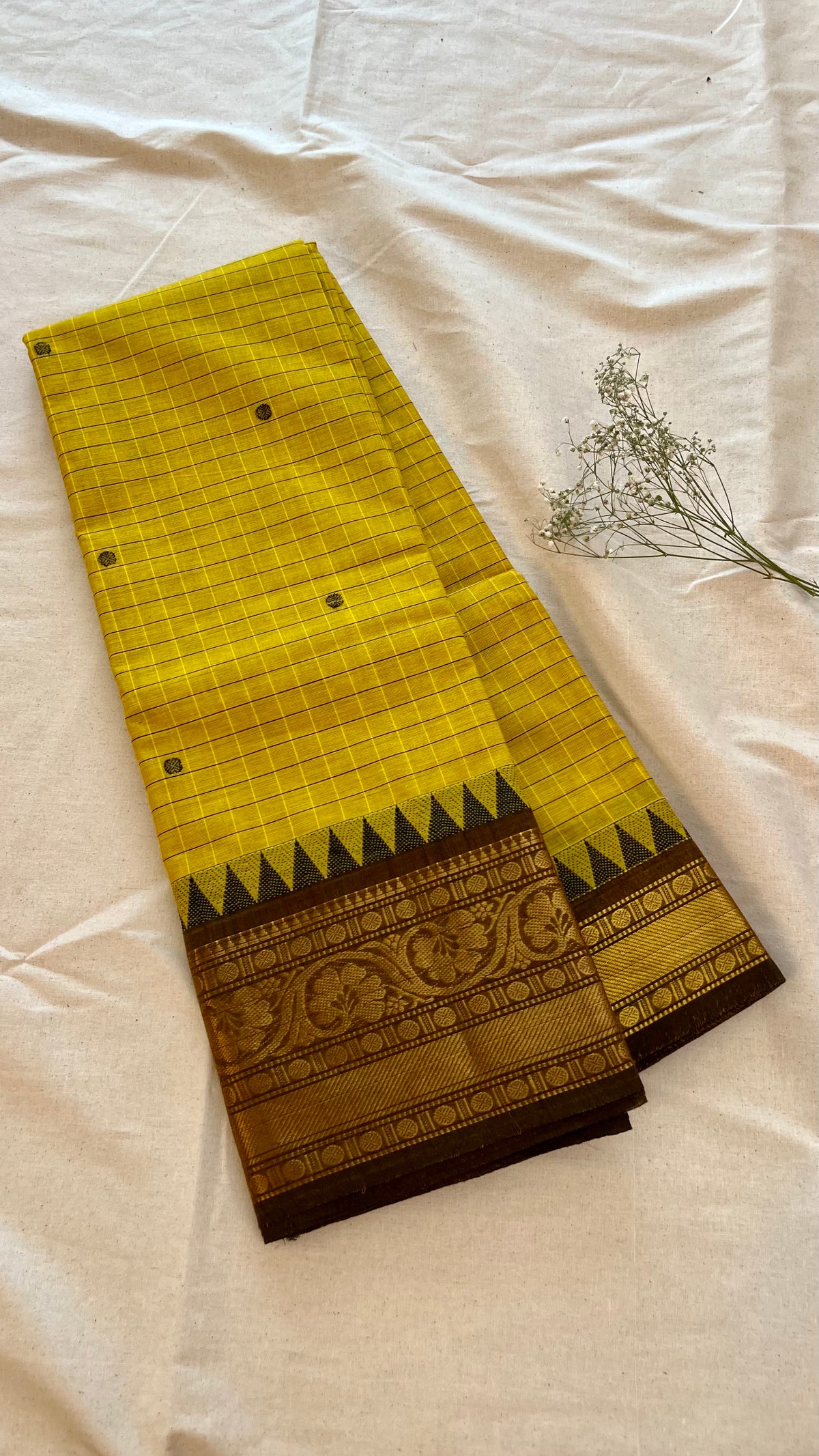 Kattam Chettinad Cotton Saree CW302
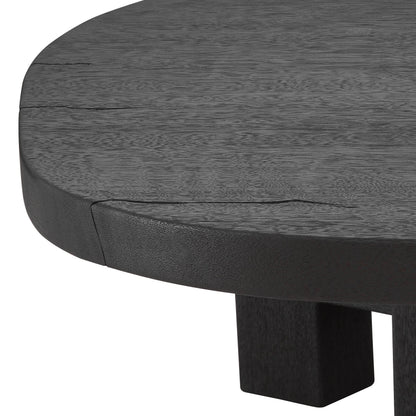 Eichholtz Couchtisch Libertine – Meranti-Holz | Burnt Finish | Oval Couchtisch oval Eichholtz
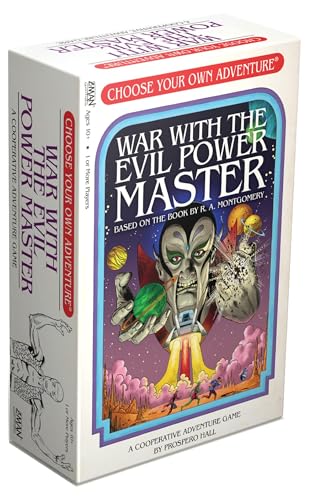 Choose Your Own Adventure: War With The Evil Power Master Board Game - Save the Galaxy in a Cooperative Narrative Adventure! Ages 10+, 1+ Players, 1+ Hour Playtime, Made by Z-Man Games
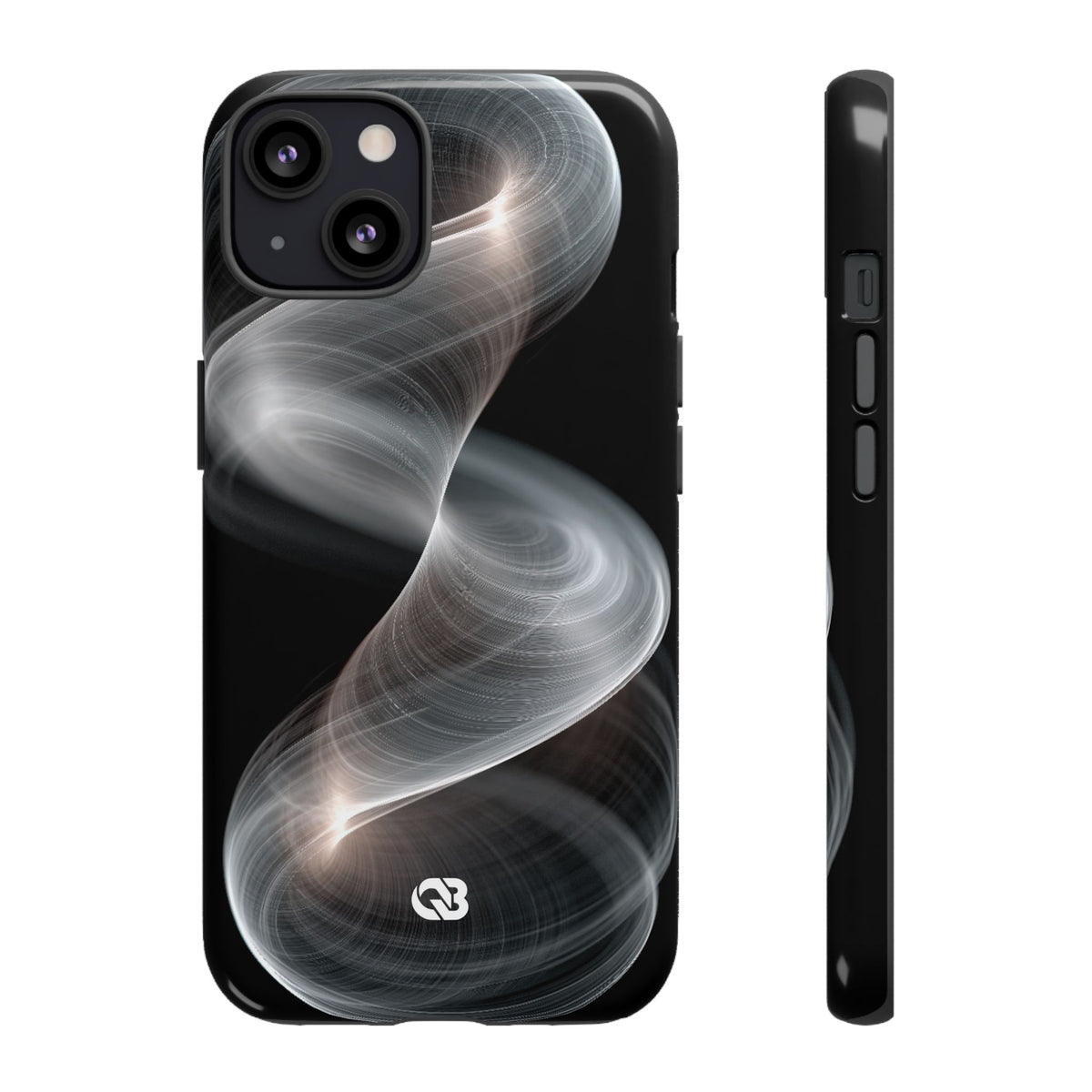 Luminous Vortex · Tough Phone Case for iPhone · Black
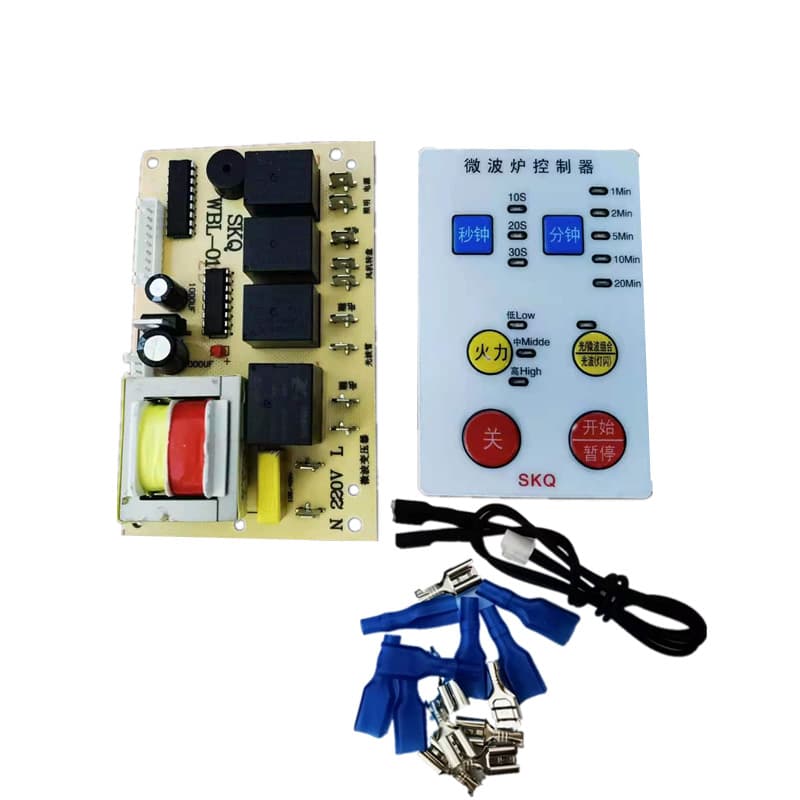 Universal Microwave Oven Main Board Repair Board General Computer Board Modification Circuit Board Accessories Ultra-thin Keypad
# # # # # # #
◆ **TASK TO CARRY OUT**
Your reply should hold only the lines running from the one with "Eichholtz Couchtisch Libertine" to the end of the data above, set down exactly, pictures omitted.

◆ **RESPONSE FOR THIS EXERCISE**
 Eichholtz Couchtisch Libertine – Meranti-Holz | Burnt Finish | Oval Couchtisch oval Eichholtz
 Choose Your Own Adventure: War With The Evil Power Master Board Game - Save the Galaxy in a Cooperative Narrative Adventure! Ages 10+, 1+ Players, 1+ Hour Playtime, Made by Z-Man Games
 Luminous Vortex · Tough Phone Case for iPhone · Black
 Universal Microwave Oven Main Board Repair Board General Computer Board Modification Circuit Board Accessories Ultra-thin Keypad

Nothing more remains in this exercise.